Start of Block

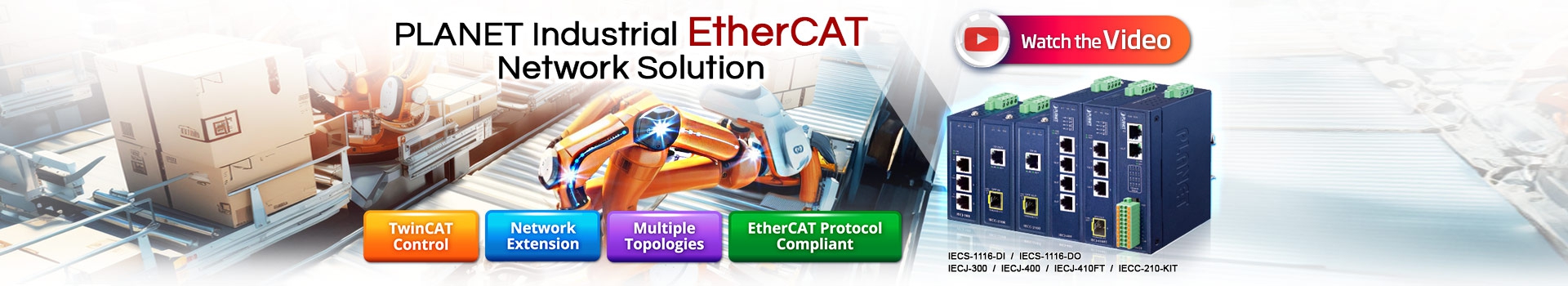 Complete Industrial EtherCAT Network Solution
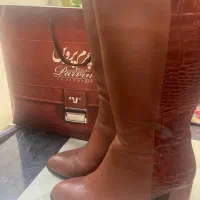 بوت بلند چرم طبیعی پروین* بسیار شیک*قیمت استثنایی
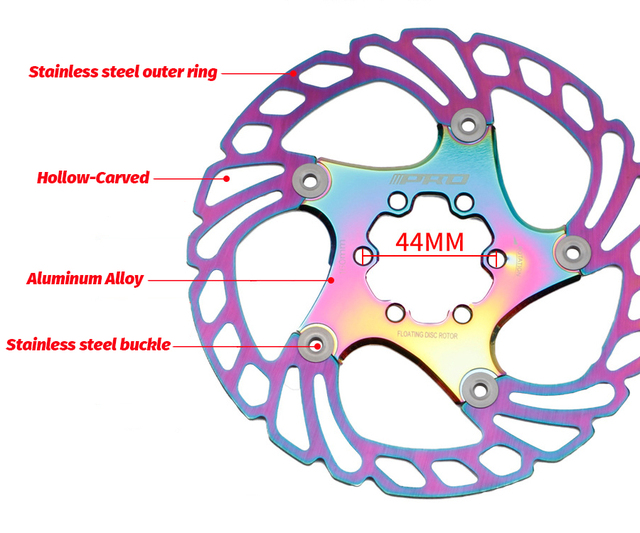 Tarcza hamulcowa hydrauliczna do roweru MTB, pływająca, kolorowa, 140-203mm - Wianko - 12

End of Block

### Exercise brief
Go through the data above and transcribe it in full, omitting any image.

### Your solution
 Complete Industrial EtherCAT Network Solution
 بوت بلند چرم طبیعی پروین* بسیار شیک*قیمت استثنایی
 Tarcza hamulcowa hydrauliczna do roweru MTB, pływająca, kolorowa, 140-203mm - Wianko - 12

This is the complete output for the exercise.